La vague du Deep Learning permettant aujourd’hui la conception de systèmes ou d’applications du quotidien possédant de plus en plus de composants faisant appel à l’intelligence artificielle (IA), concevoir une IA de confiance devient essentielle. En effet, aujourd’hui, beaucoup d’utilisateurs ignorent totalement la présence de tels composants ce qui peut devenir problématique sur la durée (fake news, deepfake, publicité personnalisée, discours orientés, décision hâtive, influence, etc.). Parallèlement, ceux ayant conscience de la présence de l’IA dans les technologies utilisées au quotidien n’ont pas toutes les informations nécessaires à la bonne compréhension de cette IA, par exemple dans la validité des résultats, etc. qui leur sont proposés. La présence de l’IA est tellement en plein essor que la Commission Européenne souhaite légiférer au travers de l’AI Act afin de garantir les produits contenant des IA respectueuses.

 

Vous avez la responsabilité du projet « Caractérisation et qualification d’une IA de confiance » dans le cadre de Confiance.ai. En quoi consiste-t-il ? Quelles en sont les finalités ?
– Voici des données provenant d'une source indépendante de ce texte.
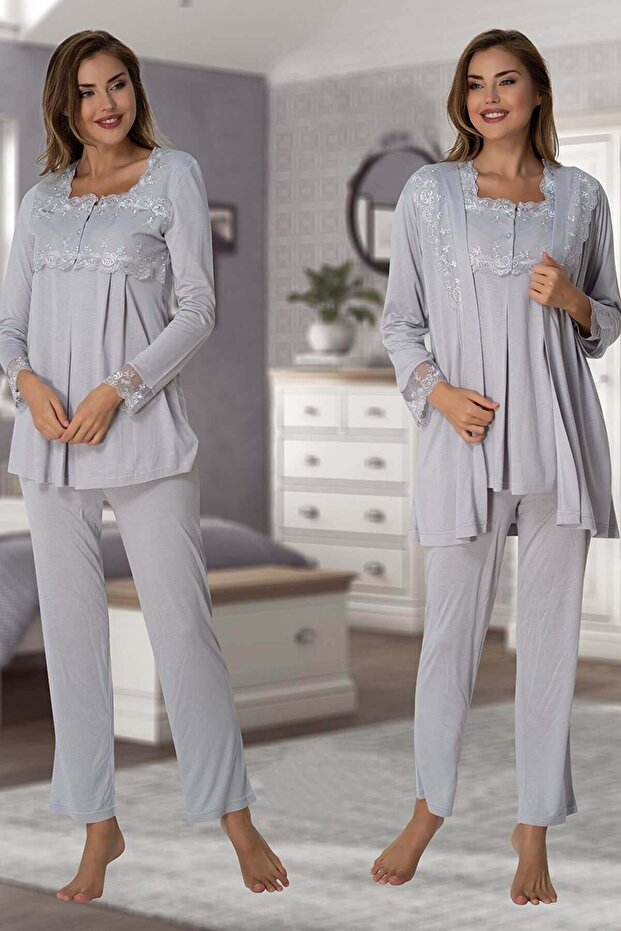 Pregnant Maternity Long Sleeve Pajama Set with Dressing Gown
Philippe Dejean : Le projet « Caractérisation et qualification d’une IA de confiance » permet de construire la boîte à outils d’un ensemble de processus, méthodes et métriques dont le but est la mesure et l’explicitation des performances d’une IA. Cela englobe tous les domaines : le design et l’entraînement de modèles, la compréhension des modèles déjà entrainés (boîte blanche ou noire, voire grise), les modèles fondés sur les connaissances ou les données, la détermination des scores de confiance et enfin le monitoring du modèle pour respecter le domaine opérationnel (Operational Design Domain – ODD) et détecter les données hors domaine (Out Of Distribution – OOD) ; la définition des ODD et OOD étant traitée dans un autre projet du programme Confiance.ai. Si nous nous rapprochons des travaux du projet « Conception de l’IA de confiance » de Confiance.ai, relatifs à la robustesse et l’analyse des architectures, nous l’enrichissons des outils de ce projet.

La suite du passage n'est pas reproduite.